**WHAT IS BEING ASKED**
When you reach the line containing "1.4T GDI DCT尊貴型圖片", begin reproducing the lines exactly and continue through the end of the listing, leaving out the pictures.
DATA SEGMENT START
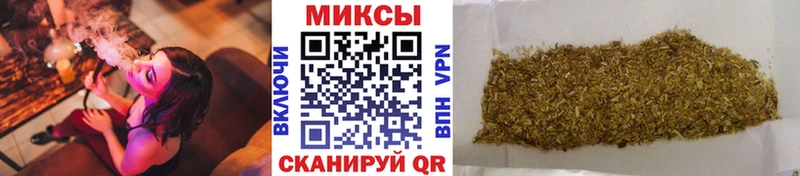 как найти МЕГА как войти Бутират BDO Сланцы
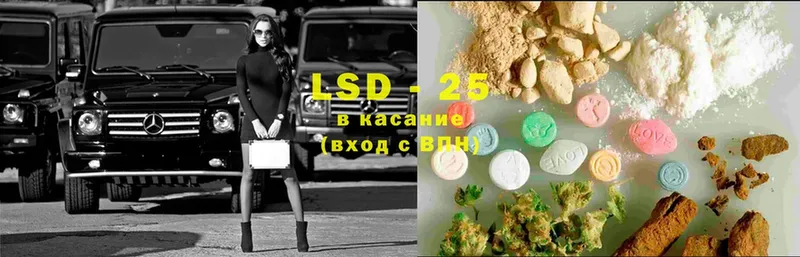 блэк спрут как войти  даркнет сайт  Вышний Волочёк  LSD-25 экстази кислота 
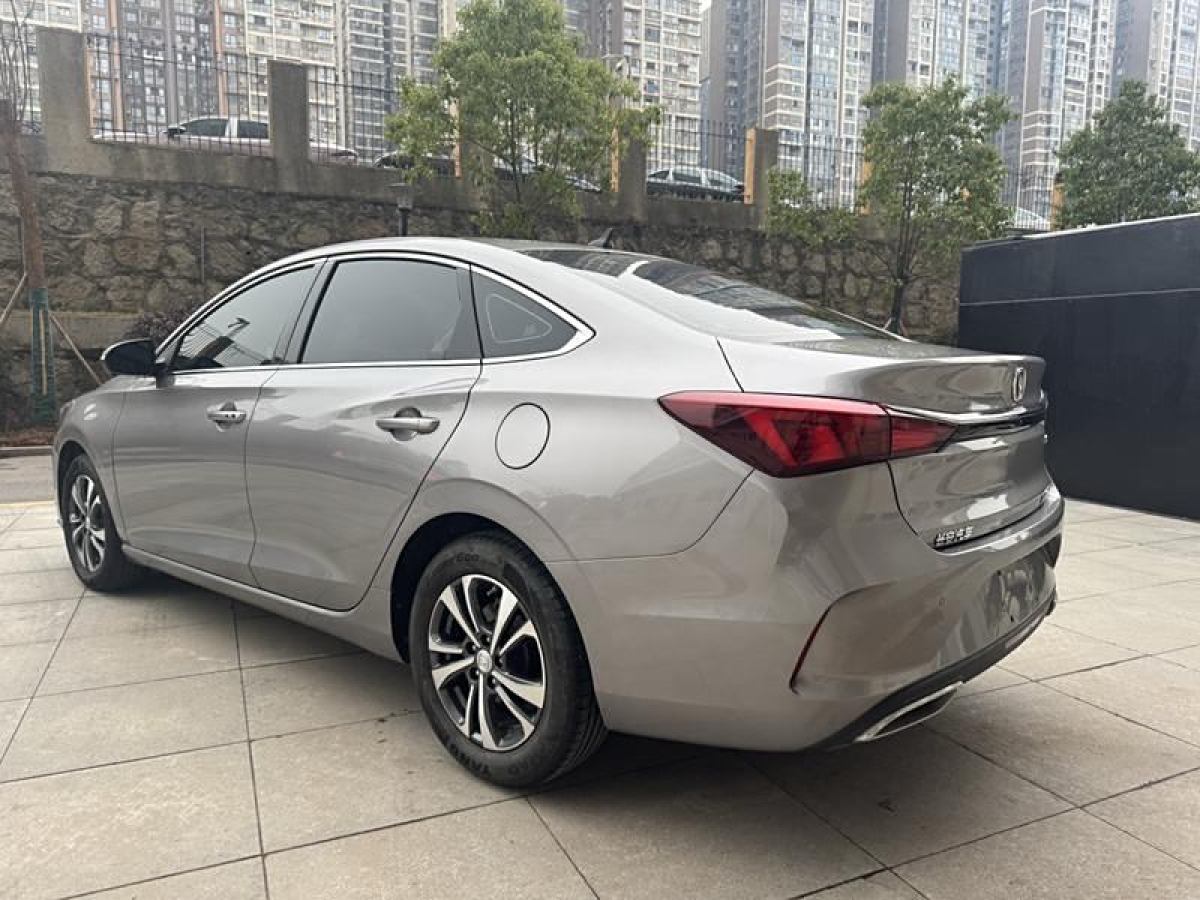 長(zhǎng)安 逸動(dòng)  2021款 PLUS 藍(lán)鯨NE 1.4T GDI DCT尊貴型圖片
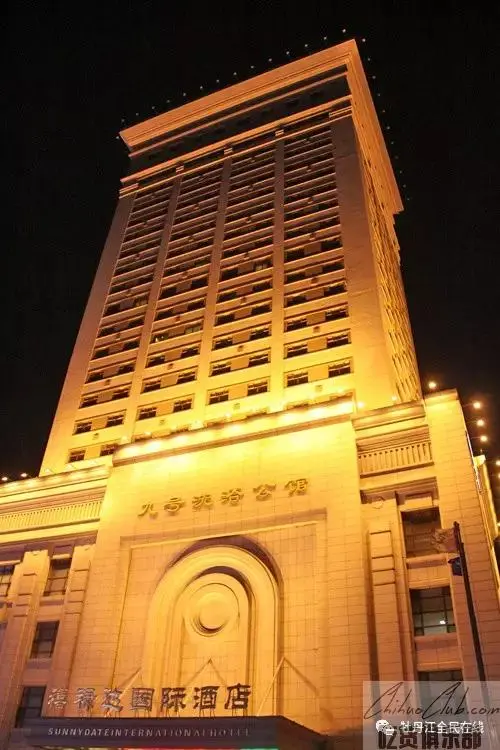 禧禄达国际酒店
DATA SEGMENT END
**RESULT BELOW**
 長(zhǎng)安 逸動(dòng)  2021款 PLUS 藍(lán)鯨NE 1.4T GDI DCT尊貴型圖片
 禧禄达国际酒店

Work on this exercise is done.